Web page caption snippets
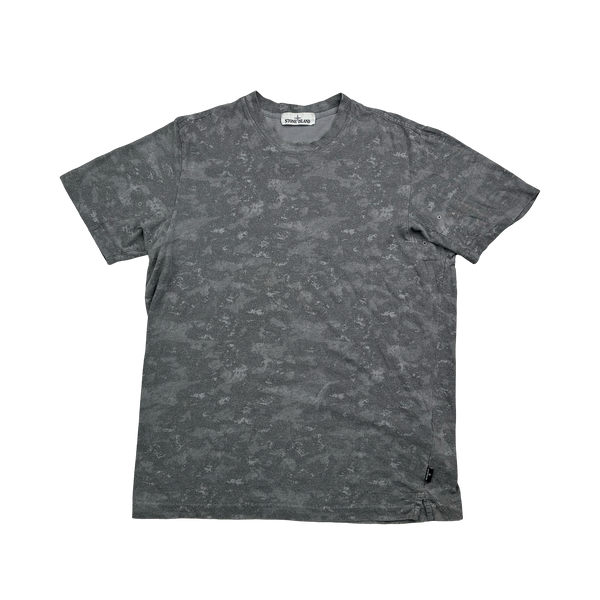 Stone Island 2016 Grey Camo Cotton T Shirt - XL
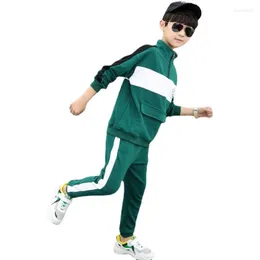 Clothing Sets Kids Boy Suit Leisure Spring And Autumn Models Big Handsome Sports Western Style Two-piece 4-6 8 10 Ages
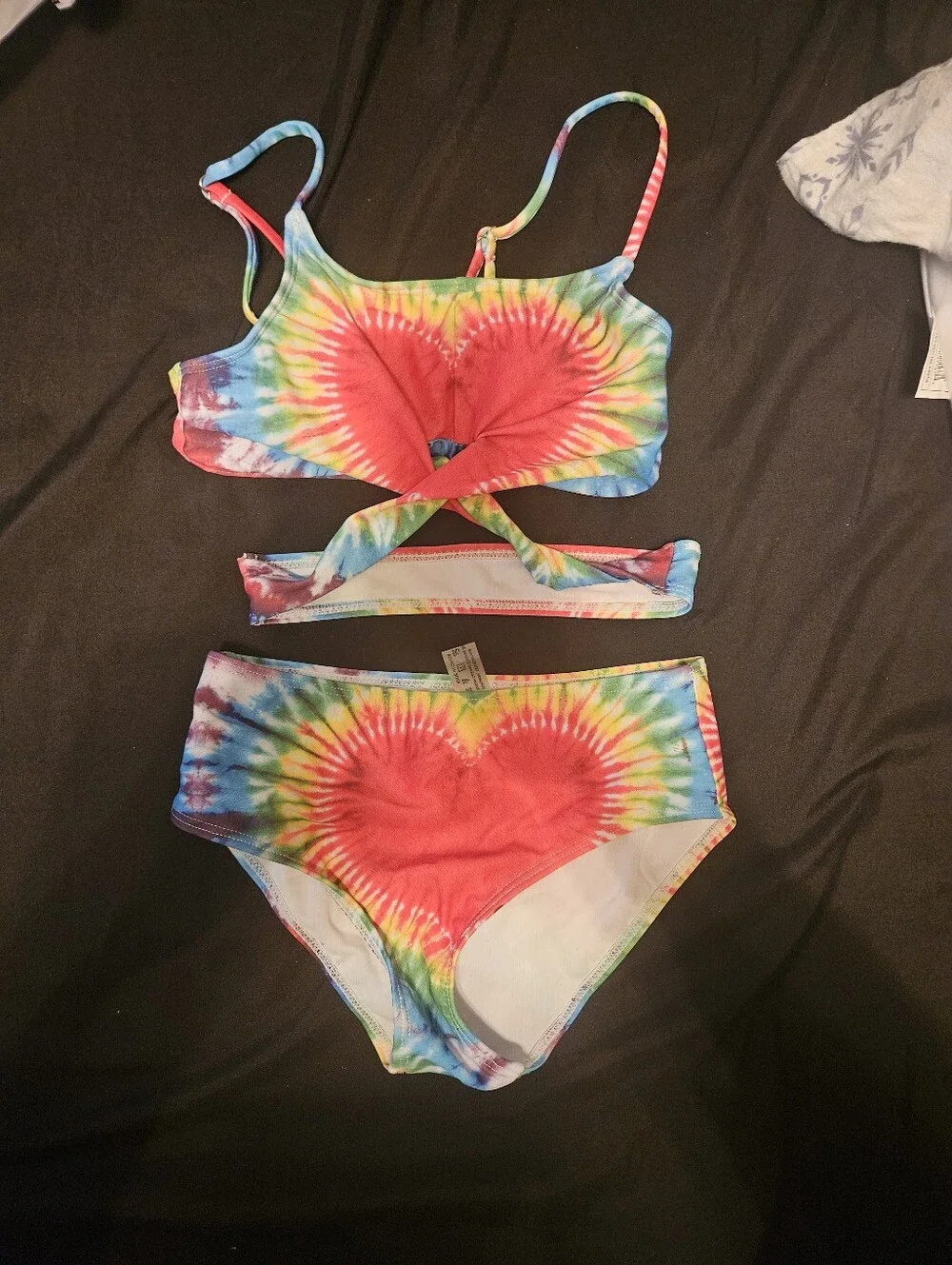 Kids Tie-Dye Two-Piece Swim Set - Multicolor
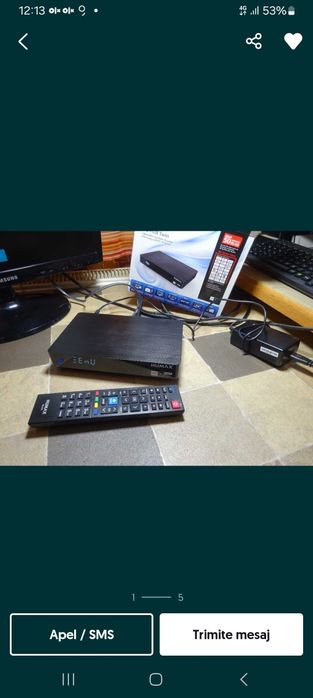 Vând receptor receiver  satelit humax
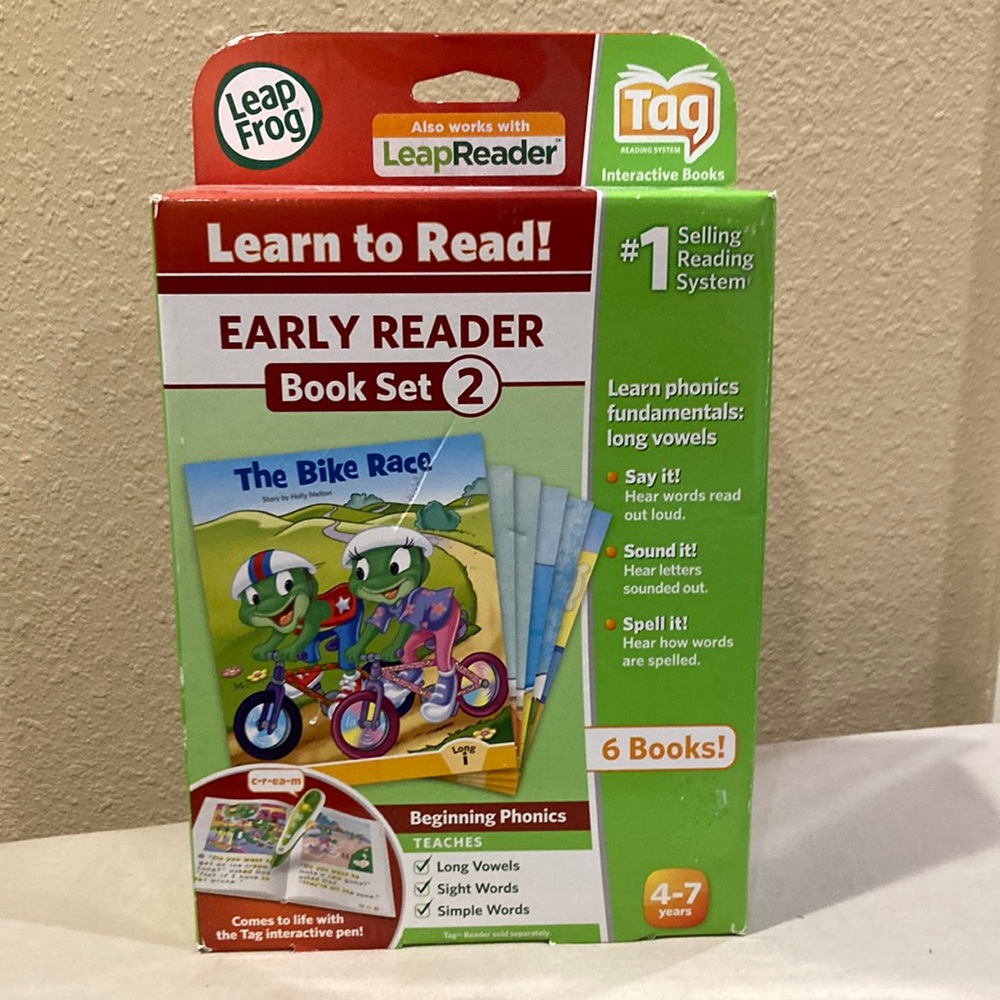 Leap Frog LeapReader 6 books in the set, 4-7 yrs old, Brand new, never opened.
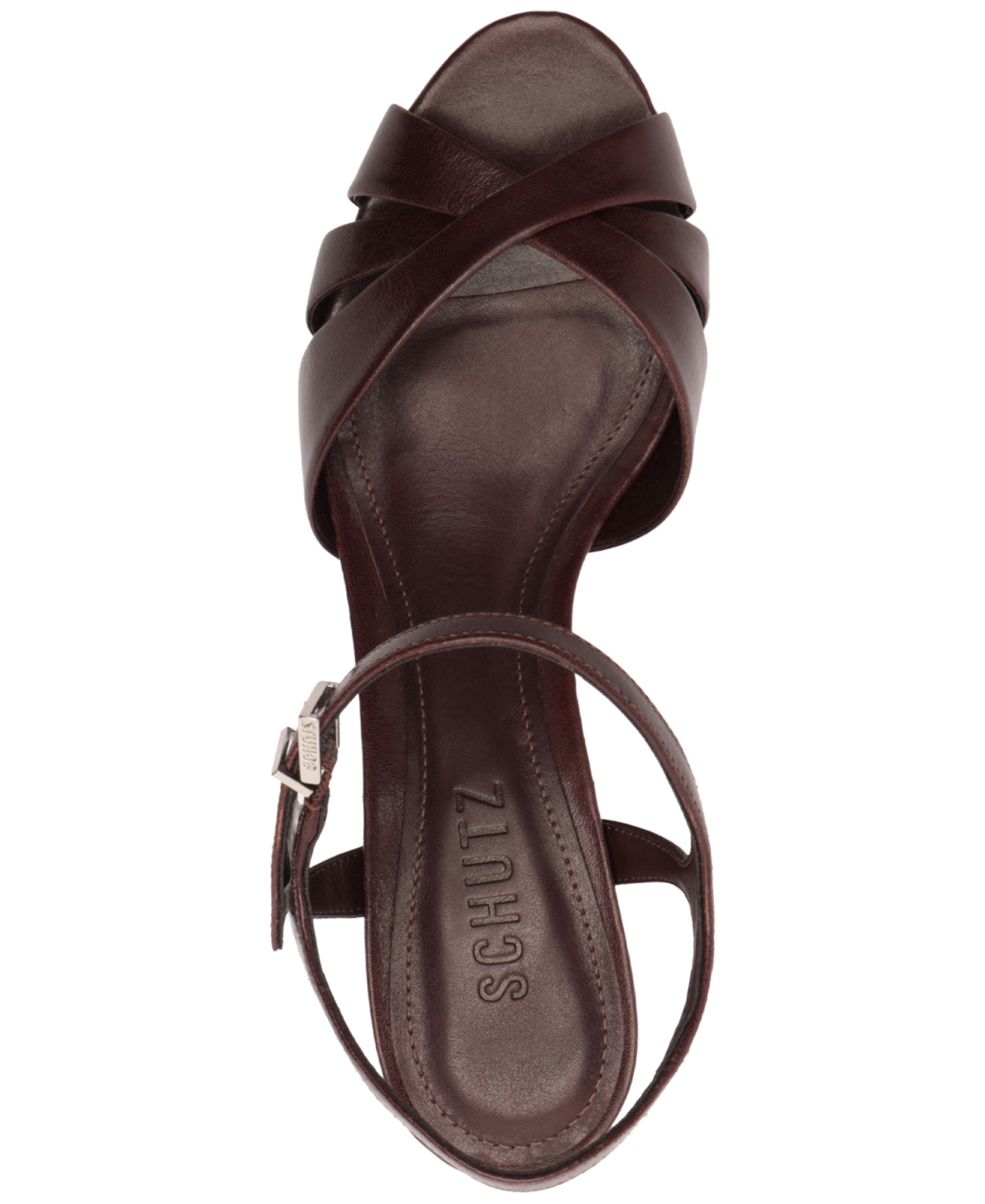 Schutz Women's Keefa Round Toe Sandals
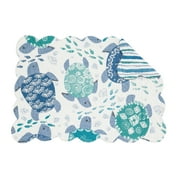 Turtle Bay 100% Cotton Quilted Single Placemat 13 x 19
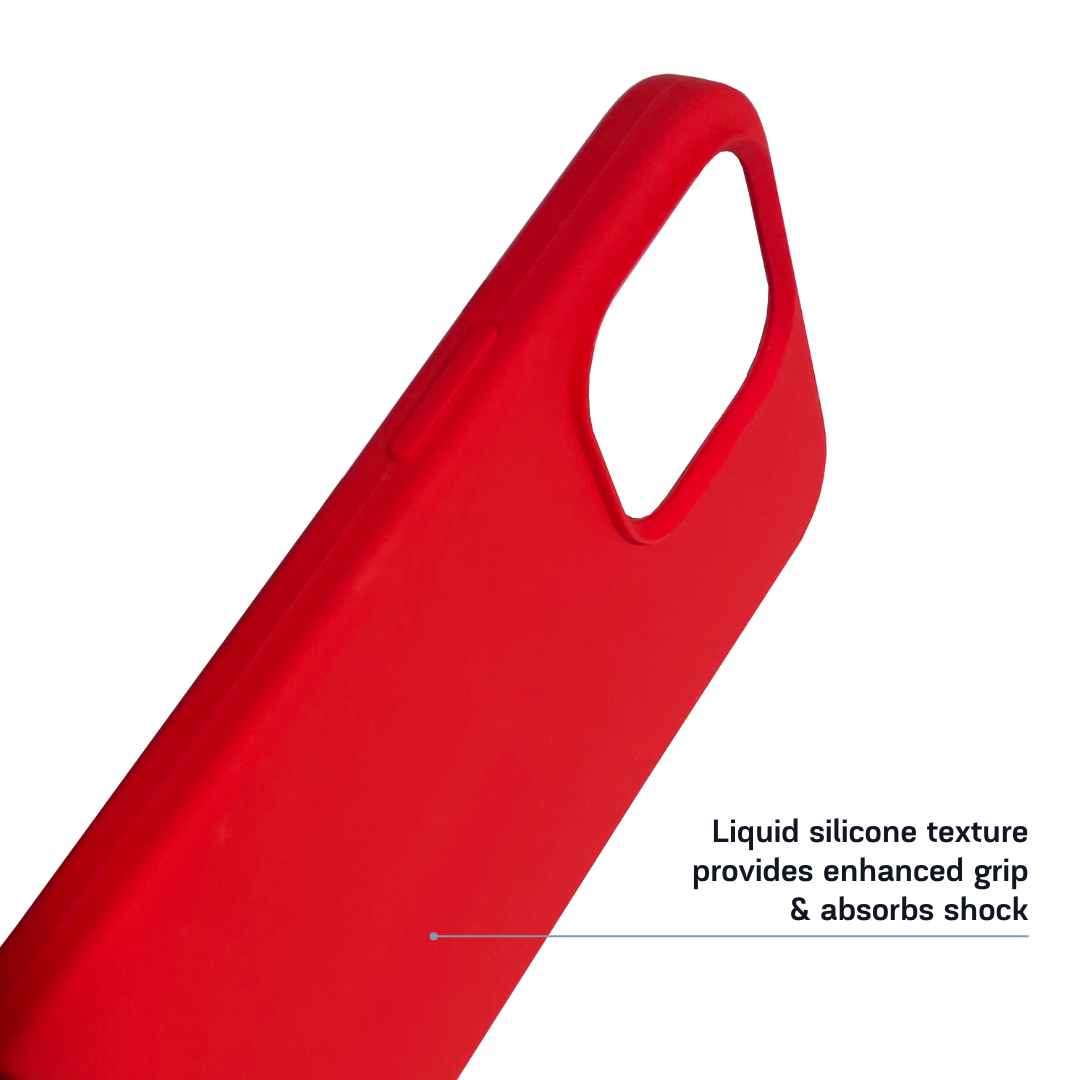 MagSafe Silicone iPhone Case - Red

### Problem description
An exact copy of the lines from the one with "Clothing Sets Kids" through the end of the entries above, both included, is the whole answer. It contains no pictures.

### Result for this exercise
 Clothing Sets Kids Boy Suit Leisure Spring And Autumn Models Big Handsome Sports Western Style Two-piece 4-6 8 10 Ages
 Kids Tie-Dye Two-Piece Swim Set - Multicolor
 Vând receptor receiver  satelit humax
 Leap Frog LeapReader 6 books in the set, 4-7 yrs old, Brand new, never opened.
 Schutz Women's Keefa Round Toe Sandals
 Turtle Bay 100% Cotton Quilted Single Placemat 13 x 19
 MagSafe Silicone iPhone Case - Red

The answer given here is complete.